No wonder the world seems to be going mad. It often seems that it's those who shout loudest who get their way. I confess I know next to nothing about the “Noise Abatement Society”, but I’m glad such an organisation exists. May it prosper!

These words of Matthew are taken straight from the Old Testament prophet Isaiah (42:1-4). They refer originally to a mysterious figure called "the servant of the Lord": mysterious, yes, in Isaiah's day, but the early Christians had no difficulty in applying them to Jesus.

And how true they are of him. There is no doubt that there were times when Jesus got angry, especially against hypocrisy, religious abuse and exploitation. But he was never a quarrelsome or argumentative kind of person. He didn't "do" aggression and confrontation, not at least until he was absolutely forced to it.

As a child I used to sing about "gentle Jesus, meek and mild...”, which sounds beautiful. But there can be a problem with those words - they can suggest that Jesus was weak, a bit spineless and wishy-washy.

But of course meekness is very different from weakness. If you aim to be meek - that is, truly self-effacing, refusing to insist always on your own rights, preferring to listen to the voices of others first - if you aim to be truly meek in that sense, you do in fact need to be a very strong person.

When Jesus was before his accusers, just hours ahead of the crucifixion, we read that he chose to keep silent (Matthew 27:14). Given that he was being lied about, shouted at, mocked and abused, that took some backbone, didn't it? His quiet manner was a sign of deep inner strength.

"He will not quarrel or cry out. No-one will hear his voice in the streets". How do we measure up to this?

There are, perhaps, two main types of noisiness. Some of us just have loud voices and always want to be heard. We drown other people out. That's bad enough. But combine that with the noisiness that comes from being aggressive, argumentative and quarrelsome, and it's far worse.

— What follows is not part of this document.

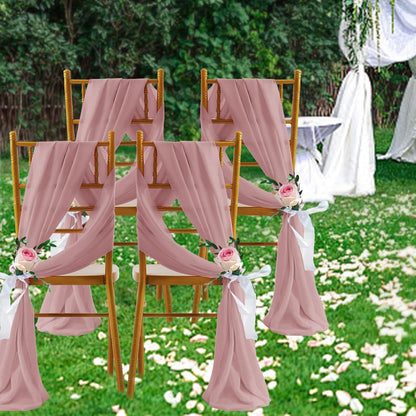 2 Pack Elegant Chiffon Wedding Arch Draping Fabric Panels for Outdoor Ceremony Backdrop and Party Decoration V1107-CS-HLSM4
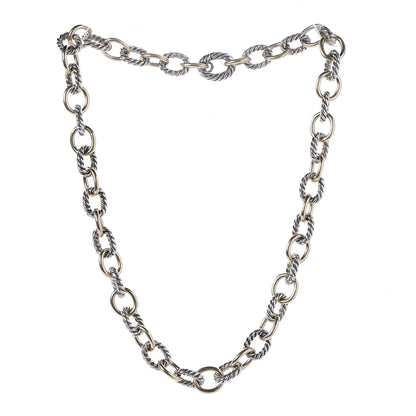 David Yurman Sterling Silver 18K Yellow Gold 10mm Medium Oval Link Necklace 3 of 5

There's a great saying in Proverbs 15:1: "A gentle answer turns away wrath" - or, as The Message puts it, "A gentle response defuses anger". That's well worth pondering. The verse, though, has a sting in the tail: "... but a harsh word stirs up anger". Mmm - haven't we all found out sometimes the bitter truth of that?

(Have you recently dipped into Proverbs, by the way? "Life coaches” and counsellors are all the rage these days, and I don't say we don't need them. But so many of our problems could be solved by meditating on the words of this ancient book. Why not give Proverbs a try?)

God speaks in Psalm 46: "Be still, and know that I am God". Time to turn off the television? to stop talking and start listening? to calm down and allow space for peace?

Dear Father in heaven, please forgive me for the times I have added to the world's noise and tension, its anger and hostility, by failing to "be still". Please help me to be a peacemaker, like Jesus, in every sense of that word. Amen.